5. Notable Q&A Insights
- AI Product Adoption: The adoption of AI solutions in the wealth management sector is lagging behind other areas but is expected to grow as firms continue their digital transformation.
- Sales Pipeline: Demand remains broad-based, with no significant impact from macroeconomic conditions noted.

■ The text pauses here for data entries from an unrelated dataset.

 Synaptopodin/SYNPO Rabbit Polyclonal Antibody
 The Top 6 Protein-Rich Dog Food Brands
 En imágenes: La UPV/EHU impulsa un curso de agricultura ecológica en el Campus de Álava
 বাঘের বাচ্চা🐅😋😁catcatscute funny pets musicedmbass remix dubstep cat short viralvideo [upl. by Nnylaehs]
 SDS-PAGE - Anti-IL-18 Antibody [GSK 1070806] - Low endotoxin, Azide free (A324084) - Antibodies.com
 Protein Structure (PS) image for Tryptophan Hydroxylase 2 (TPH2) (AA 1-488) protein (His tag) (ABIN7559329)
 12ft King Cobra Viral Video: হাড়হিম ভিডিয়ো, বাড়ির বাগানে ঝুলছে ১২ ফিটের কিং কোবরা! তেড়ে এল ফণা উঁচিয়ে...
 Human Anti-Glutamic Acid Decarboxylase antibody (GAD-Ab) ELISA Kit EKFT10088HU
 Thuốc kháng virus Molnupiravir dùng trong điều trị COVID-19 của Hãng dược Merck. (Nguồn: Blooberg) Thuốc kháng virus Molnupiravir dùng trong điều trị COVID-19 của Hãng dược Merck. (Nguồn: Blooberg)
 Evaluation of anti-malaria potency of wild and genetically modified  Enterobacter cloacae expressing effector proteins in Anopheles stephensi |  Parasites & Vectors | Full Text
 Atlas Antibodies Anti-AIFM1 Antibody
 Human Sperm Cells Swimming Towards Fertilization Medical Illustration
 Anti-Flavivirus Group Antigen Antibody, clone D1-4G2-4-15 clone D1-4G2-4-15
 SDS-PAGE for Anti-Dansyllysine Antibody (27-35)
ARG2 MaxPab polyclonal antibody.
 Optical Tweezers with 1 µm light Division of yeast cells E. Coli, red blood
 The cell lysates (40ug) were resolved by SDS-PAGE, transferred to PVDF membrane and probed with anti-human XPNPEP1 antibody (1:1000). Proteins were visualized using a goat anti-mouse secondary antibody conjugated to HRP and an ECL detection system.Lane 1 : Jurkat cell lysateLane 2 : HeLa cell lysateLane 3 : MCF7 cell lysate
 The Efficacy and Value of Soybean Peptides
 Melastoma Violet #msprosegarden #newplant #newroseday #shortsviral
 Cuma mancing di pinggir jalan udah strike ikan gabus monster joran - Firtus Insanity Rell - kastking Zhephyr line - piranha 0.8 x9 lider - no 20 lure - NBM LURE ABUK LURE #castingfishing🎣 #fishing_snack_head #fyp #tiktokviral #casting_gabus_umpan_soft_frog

The sales cycle for AI solutions is notably faster.
- Cost Management: The company is focused on balancing continued investments with productivity gains to improve margins in the future.
- Competitive Landscape: FactSet is positioning itself to leverage its data and integrated solutions against newer competitors, emphasizing the importance of high-quality inputs for AI-driven workflows.
Overall, FactSet's Q2 2026 results reflect strong growth and strategic positioning, despite some margin pressures and competitive challenges. The company is optimistic about its future, driven by ongoing investments in technology and AI capabilities.